Facebook is the fastest growing social networking website, boasting over 250 million active users, with more than 120 million of them logging in at least once per day. Think of it! Over 120 million people checking up on their friends and family, sharing significant things (wedding pictures, prayer needs) and insignificant things (what they ate for lunch, comments about the weather), and remaining "connected" to an average of 120 friends each. That's an amazing amount of "connecting" going on. But then I got to thinking. What would happen in our world, and in our churches, if 120 million believers in Christ made sure to check our spiritual "facebook" every day?
As fun as it is to peek into each other's photo albums there is an infinitely more important "facebook" that we must discipline ourselves to spend time in. That, of course, is God's "facebook," the Scriptures. The Apostle Paul makes it clear that sanctification, becoming like Christ, is a cooperative effort involving both the Spirit of God and the believer: "But we all, with unveiled face beholding as in a mirror the glory of the Lord, are being transformed into the same image from glory to glory, just as from the Lord, the Spirit" (2 Corinthians 3:18).
Sanctification is a process: we are being transformed. The specific transformation taking place in the heart of the believer is into the same image from glory to glory. What image is that? It is the image of the glory of the Lord. Unquestionably, this is God's goal for every Christian: "For whom He foreknew, He also predestined to become conformed to the image of His Son" (Romans 8:29). But how does this actually happen? It is the Lord, the Spirit who ultimately performs the work of our transformation; on the other hand, the change only takes place as we with unveiled face [behold] as in a mirror the glory of the Lord. What is the mirror that reflects the glory of the Lord? It is the Word of God. It is the gospel. James writes, "For if anyone is a hearer of the word and not a doer, he is like a man who looks at his natural face in a mirror; for once he has looked at himself and gone away, he has immediately forgotten what kind of person he was" (James 1:23-24). As we examine our hearts and lives in the mirror of the Word of God we, with the Spirit's guidance, see the spiritual pimples that need to be removed and, by the Spirit's power, are able to correct the sinful character patterns that hinder the image of Christ from being increasingly glorified in us. However, if we approach the Bible merely to gain information, without a desire to experience Spirit-empowered change, we become mere "hearers who delude themselves" (James 1:22).
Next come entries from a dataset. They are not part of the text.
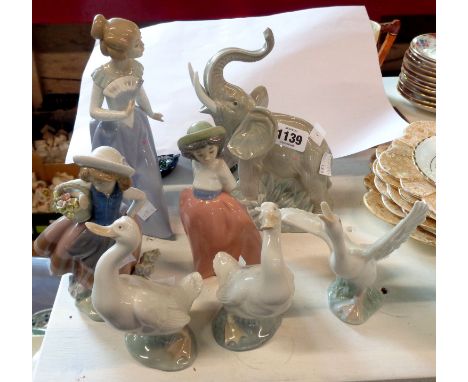 A Lladro porcelain figurine, depicting a goose with extended wings, two similar Nao geese figurines and an elephant - sold wi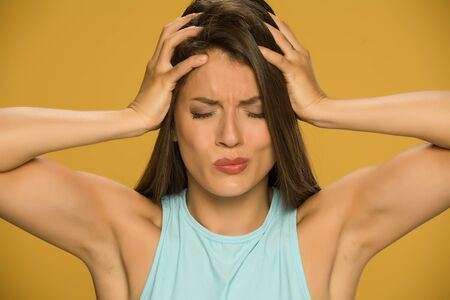 Young beautiful woman with headacheの写真素材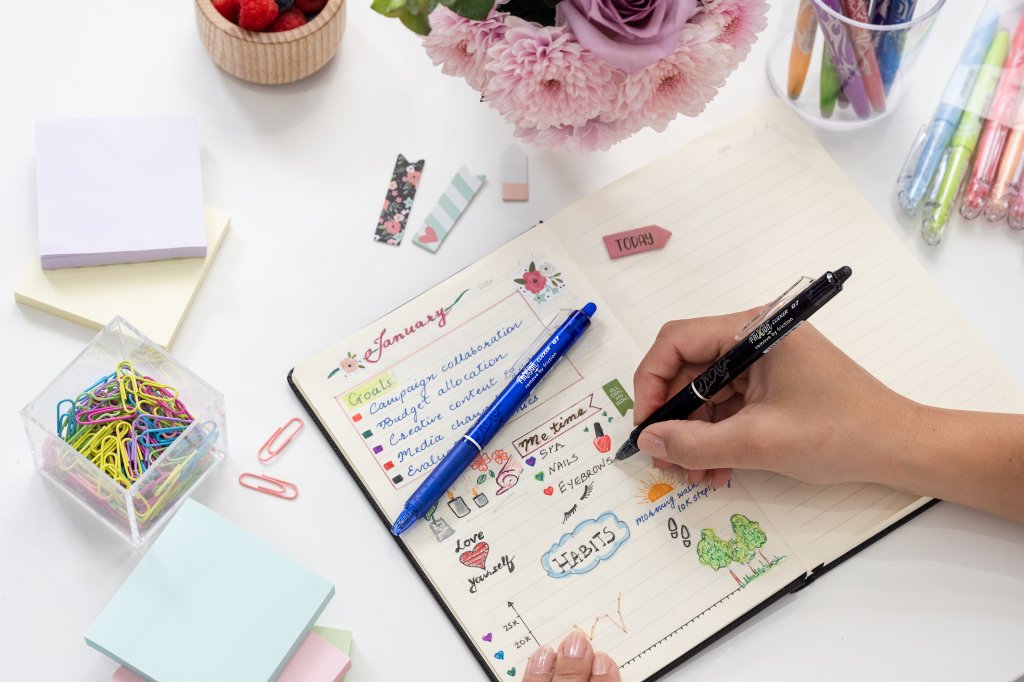 Hand using a FriXion Clicker Erasable Gel Pen to jot down goals and plans in a bullet journal, showcasing the pen's smooth ink and precision.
With no desire to throw a wet blanket on anyone's online fire, let me gently exhort all of us to be sure that we keep the fun tools of technology in their proper place. There is no technology that even comes close to the infinite value of checking our spiritual "facebook" every day. Man's technology doesn't hold a candle to the supernatural power of the Word of God.
So, have you checked your "facebook" today?
I mean, how is your personal time of prayer and Bible reading going? The psalmist woke up in the morning with a desire for deep communion with God: "In the morning, O Lord, Thou wilt hear my voice; in the morning I will order my prayer to Thee and eagerly watch" (Psalm 5:3). Which "facebook" do we wake up with a desire to open? If our desire to check our online Facebook is more urgent than our desire to behold the face of Jesus Christ in the gospel, then it is time to repent of misplaced priorities and renew our commitment to daily read, meditate on, and apply Scripture to life. Perhaps we all need to consider refraining from booting up our computers until we have first spent time in communion with God through prayer and His living Word (Hebrews 4:12). As we behold the glory of the Lord in the truth of the gospel, the Spirit of God will continually transform us into the holy and gracious image of the Son of God.